Start of GIVEN DATA

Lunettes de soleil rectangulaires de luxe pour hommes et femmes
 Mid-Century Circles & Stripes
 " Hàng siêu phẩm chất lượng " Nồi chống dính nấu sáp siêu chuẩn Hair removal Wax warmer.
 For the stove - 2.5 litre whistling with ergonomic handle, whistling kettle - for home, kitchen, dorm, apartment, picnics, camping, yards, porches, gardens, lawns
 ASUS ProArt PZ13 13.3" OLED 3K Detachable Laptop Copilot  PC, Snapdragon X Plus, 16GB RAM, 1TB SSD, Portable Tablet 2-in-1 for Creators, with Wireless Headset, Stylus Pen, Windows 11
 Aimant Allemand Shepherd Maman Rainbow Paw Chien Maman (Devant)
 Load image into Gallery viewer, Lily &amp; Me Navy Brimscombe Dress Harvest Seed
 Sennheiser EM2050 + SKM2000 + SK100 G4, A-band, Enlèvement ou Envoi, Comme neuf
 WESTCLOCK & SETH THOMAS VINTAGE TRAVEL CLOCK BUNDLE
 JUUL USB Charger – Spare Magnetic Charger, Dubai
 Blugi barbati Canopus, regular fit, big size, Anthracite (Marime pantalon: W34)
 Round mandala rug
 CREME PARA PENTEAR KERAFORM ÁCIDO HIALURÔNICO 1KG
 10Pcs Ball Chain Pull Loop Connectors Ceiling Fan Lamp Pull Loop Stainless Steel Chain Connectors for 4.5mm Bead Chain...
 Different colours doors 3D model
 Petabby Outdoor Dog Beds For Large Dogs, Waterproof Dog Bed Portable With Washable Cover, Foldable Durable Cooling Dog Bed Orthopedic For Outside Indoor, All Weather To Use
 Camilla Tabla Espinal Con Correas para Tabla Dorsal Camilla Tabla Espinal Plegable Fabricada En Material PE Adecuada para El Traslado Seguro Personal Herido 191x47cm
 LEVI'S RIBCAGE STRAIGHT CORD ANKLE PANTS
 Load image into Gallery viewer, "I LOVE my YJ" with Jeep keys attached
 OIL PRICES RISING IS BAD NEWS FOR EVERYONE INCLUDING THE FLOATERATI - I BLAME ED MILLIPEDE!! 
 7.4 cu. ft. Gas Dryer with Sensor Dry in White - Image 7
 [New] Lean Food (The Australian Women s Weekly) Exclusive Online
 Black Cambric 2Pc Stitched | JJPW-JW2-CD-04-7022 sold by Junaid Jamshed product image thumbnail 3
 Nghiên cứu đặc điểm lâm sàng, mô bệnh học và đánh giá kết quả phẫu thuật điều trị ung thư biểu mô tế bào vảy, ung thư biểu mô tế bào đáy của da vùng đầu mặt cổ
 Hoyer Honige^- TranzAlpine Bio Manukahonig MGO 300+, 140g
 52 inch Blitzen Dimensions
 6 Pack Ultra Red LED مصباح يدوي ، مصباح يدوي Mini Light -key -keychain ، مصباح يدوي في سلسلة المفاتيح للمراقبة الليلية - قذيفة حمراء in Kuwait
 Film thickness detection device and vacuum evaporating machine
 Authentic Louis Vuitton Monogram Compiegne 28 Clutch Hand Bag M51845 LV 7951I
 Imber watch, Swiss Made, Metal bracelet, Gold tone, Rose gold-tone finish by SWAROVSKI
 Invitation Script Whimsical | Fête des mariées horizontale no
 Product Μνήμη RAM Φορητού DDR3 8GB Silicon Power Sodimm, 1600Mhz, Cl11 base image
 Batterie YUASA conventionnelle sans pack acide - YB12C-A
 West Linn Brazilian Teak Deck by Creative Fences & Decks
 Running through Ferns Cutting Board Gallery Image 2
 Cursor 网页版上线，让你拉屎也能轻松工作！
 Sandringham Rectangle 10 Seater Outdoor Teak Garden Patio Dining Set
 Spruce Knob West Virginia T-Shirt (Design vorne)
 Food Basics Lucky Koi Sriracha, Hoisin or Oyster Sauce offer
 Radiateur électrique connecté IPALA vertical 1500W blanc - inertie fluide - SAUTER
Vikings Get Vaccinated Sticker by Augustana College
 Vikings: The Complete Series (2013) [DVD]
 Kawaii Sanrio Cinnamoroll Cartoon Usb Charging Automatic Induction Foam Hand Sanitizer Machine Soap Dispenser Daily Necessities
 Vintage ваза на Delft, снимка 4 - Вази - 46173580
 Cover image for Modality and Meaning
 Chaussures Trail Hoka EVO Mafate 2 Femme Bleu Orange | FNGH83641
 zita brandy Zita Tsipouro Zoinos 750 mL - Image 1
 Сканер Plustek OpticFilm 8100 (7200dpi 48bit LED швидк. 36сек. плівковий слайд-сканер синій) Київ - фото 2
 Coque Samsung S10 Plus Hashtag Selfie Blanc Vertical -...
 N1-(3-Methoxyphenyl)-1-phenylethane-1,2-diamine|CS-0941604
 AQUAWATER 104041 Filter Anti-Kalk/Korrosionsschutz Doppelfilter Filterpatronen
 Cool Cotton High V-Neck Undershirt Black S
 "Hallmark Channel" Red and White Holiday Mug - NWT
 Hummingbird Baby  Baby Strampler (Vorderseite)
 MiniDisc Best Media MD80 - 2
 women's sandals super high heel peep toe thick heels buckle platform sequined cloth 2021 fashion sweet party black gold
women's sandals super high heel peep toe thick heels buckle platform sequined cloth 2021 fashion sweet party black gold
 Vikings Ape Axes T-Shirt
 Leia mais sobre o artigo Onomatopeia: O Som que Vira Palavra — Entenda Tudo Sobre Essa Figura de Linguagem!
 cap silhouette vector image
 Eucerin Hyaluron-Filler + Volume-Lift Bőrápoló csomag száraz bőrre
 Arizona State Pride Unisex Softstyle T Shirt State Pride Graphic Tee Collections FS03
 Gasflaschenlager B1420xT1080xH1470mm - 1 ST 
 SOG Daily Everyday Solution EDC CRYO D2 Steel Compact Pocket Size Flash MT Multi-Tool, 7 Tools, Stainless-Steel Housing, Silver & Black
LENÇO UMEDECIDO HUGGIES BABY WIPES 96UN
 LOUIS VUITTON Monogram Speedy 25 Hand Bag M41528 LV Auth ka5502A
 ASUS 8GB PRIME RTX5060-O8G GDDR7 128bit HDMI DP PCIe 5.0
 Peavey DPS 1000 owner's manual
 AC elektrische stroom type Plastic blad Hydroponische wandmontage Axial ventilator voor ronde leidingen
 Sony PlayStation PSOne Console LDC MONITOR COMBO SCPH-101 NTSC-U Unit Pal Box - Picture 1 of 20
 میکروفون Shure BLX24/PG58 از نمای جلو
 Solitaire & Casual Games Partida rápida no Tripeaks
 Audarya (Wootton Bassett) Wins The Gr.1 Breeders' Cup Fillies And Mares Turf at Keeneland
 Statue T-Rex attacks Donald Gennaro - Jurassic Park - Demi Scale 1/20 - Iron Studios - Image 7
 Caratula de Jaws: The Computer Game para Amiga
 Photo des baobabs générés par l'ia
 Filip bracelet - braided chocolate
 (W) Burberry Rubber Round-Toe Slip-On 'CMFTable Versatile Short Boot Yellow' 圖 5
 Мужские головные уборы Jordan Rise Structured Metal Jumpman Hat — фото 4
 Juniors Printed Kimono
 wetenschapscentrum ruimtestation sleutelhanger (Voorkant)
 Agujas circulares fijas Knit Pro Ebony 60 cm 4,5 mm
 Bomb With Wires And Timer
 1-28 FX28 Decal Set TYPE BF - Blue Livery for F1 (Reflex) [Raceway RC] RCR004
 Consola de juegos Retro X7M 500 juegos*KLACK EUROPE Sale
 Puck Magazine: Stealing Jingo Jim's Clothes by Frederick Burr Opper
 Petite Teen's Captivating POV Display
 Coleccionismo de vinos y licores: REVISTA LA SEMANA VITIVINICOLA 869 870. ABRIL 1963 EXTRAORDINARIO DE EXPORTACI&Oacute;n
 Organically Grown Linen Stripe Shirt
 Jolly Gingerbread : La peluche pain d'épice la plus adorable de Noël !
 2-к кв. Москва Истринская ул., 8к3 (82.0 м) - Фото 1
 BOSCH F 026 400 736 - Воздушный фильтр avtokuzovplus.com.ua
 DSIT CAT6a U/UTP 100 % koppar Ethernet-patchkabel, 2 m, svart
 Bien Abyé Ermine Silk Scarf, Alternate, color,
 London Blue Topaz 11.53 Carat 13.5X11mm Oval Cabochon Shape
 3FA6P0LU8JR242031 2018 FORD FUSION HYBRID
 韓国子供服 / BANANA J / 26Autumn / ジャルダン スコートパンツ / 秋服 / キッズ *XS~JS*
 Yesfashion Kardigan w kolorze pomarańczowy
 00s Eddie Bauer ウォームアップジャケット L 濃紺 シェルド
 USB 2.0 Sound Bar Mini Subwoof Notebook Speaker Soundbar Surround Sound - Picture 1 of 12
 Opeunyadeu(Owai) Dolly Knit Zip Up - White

End of GIVEN DATA

▶ ACTION ITEM:
Your task is to restate, word for word, only those lines above that fall between the line holding "AQUAWATER 104041 Filter" and the line holding "AC elektrische stroom", inclusive.

▶ TASK OUTPUT:
 AQUAWATER 104041 Filter Anti-Kalk/Korrosionsschutz Doppelfilter Filterpatronen
 Cool Cotton High V-Neck Undershirt Black S
 "Hallmark Channel" Red and White Holiday Mug - NWT
 Hummingbird Baby  Baby Strampler (Vorderseite)
 MiniDisc Best Media MD80 - 2
 women's sandals super high heel peep toe thick heels buckle platform sequined cloth 2021 fashion sweet party black gold
women's sandals super high heel peep toe thick heels buckle platform sequined cloth 2021 fashion sweet party black gold
 Vikings Ape Axes T-Shirt
 Leia mais sobre o artigo Onomatopeia: O Som que Vira Palavra — Entenda Tudo Sobre Essa Figura de Linguagem!
 cap silhouette vector image
 Eucerin Hyaluron-Filler + Volume-Lift Bőrápoló csomag száraz bőrre
 Arizona State Pride Unisex Softstyle T Shirt State Pride Graphic Tee Collections FS03
 Gasflaschenlager B1420xT1080xH1470mm - 1 ST 
 SOG Daily Everyday Solution EDC CRYO D2 Steel Compact Pocket Size Flash MT Multi-Tool, 7 Tools, Stainless-Steel Housing, Silver & Black
LENÇO UMEDECIDO HUGGIES BABY WIPES 96UN
 LOUIS VUITTON Monogram Speedy 25 Hand Bag M41528 LV Auth ka5502A
 ASUS 8GB PRIME RTX5060-O8G GDDR7 128bit HDMI DP PCIe 5.0
 Peavey DPS 1000 owner's manual
 AC elektrische stroom type Plastic blad Hydroponische wandmontage Axial ventilator voor ronde leidingen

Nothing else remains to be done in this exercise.